Tijdens mijn verblijf in Griekenland, had ik het voornemen opgevat, dien berg met zijne aloude kloosters te bezoeken; en na mij te Konstantinopel voorzien te hebben van een aanbevelingsbrief van den patriarch, zonder welken men gevaar loopt door de monniken minder goed ontvangen te worden, verliet ik, den 9den Mei 1858, met mijn vriend S.... en den drogman Voulgaris, de voorstad Pera. Wij wilden per boot naar Salonika gaan, en vandaar over land de reis naar den berg Athos voortzetten.
Twee dagen later zeilden wij kaap Kara-Bournou om, en voeren de kalme baai binnen, waaraan Salonika, in haar gordel van hooge, met bolwerken voorziene muren gevat, ligt, leunende tegen de zacht glooiende berghelling. Salonika, het oude Thessalonika, dat nog in zijn naam de herinnering bewaart aan de overwinning, door Filippus van Macedonië op de Thessaliërs behaald; Salonika heeft, hoezeer ook van zijne vroegere grootheid vervallen, nog een voorkomen van schoonheid en aanzien behouden, dat een zonderlingen indruk maakt bij de zoo blijkbare teekenen van achteruitgang en kwijning. De haven is eenzaam, de reede ledig; de vruchtbare grond is onbebouwd en overal doorsneden met vuile poelen en stinkende moerassen, waaruit verderfelijke dampen opstijgen. Ook hier blijkt de waarheid van het grieksche spreekwoord: waar de Turk de voeten zet, verdort de aarde.—In de warme zomermaanden ontvluchten de inwoners, voor zoover zij maar eenigszins kunnen, de ongezonde stad, waar moorddadige koortsen woeden, en begeven zich naar eene voorstad, ten westen van Salonika gelegen, en Kalameria (Schoonoord) genoemd. Daar prijken de berghellingen, langs de bochtige oevers van den Vardar, met fraaie boschages van platanen, en ademt men eene frissche gezonde lucht in.
Eene lange, breede, regelmatige straat, die, evenwijdig met de zee, van het oosten naar het westen loopt, verdeelt de stad in twee helften. Deze straat is ter wederzijde omzoomd met winkels, en loopt aan de beide einden op een poort of triomfboog uit; in de onmiddellijke nabijheid dezer straat bevindt zich de bazar.
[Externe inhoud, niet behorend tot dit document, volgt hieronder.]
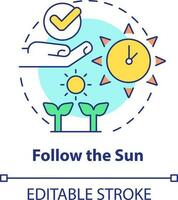 Follow sun concept icon. Sunlight for plants. Gardening recommendation abstract idea thin line illustration. Isolated outline drawing. Editable stroke vector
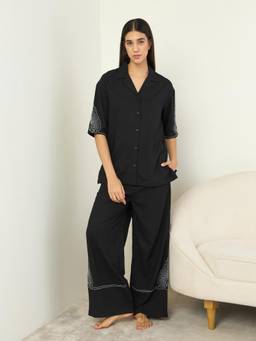Sweet Dreams - Women Embroidered Front Open Co-Ord Set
Al het leven der stad heeft zich op dit punt saamgetrokken; hier is drukte en beweging, hier handel en bedrijf; de overige straten zijn smal, stil, en dikwijls steil in de rots uitgehouwen. De menigte, die zich in de groote straat en den bazar beweegt, wedijvert in smerigheid met deze lokaliteiten zelven; zij bestaat voor een zeer aanmerkelijk deel uit Joden. Te midden der in het zwart gekleede Grieken en Bulgaren, is de Jood dadelijk kenbaar, niet alleen aan zijne eigenaardige gelaatstrekken, maar ook aan zijn katoenen tulband, en aan zijn met bont omzoomd vest. De joodsche vrouwen dragen op het hoofd een soort van vergulden diadeem, waaraan een doek van lichte stof is bevestigd, die onder de kin wordt toegeknoopt, zoodat van het haar niets zichtbaar is. Een lang wollen kleed met franje, onder de borst saamgehouden door een gordel met gouden gesp, doet de vormen des lichaams voordeelig uitkomen, en laat de met sierlijke muiltjes geschoeide voeten bloot.
Salonika, dat hoogstens eene bevolking van zestigduizend zielen telt, bezit niet minder dan zeven-en-dertig moskeeën, waaronder tien oude christelijke basilieken, die door toevoeging van minarets en sarraceensche portieken in muzelmansche bedehuizen zijn herschapen. Een Jood, die op den hoek eener straat een bankierskantoor hield, was bereid ons als gids te dienen, en bracht ons naar Sint-Demetrius (Kas-soumihié-Djami) in de wijk Eski-Akapoussi.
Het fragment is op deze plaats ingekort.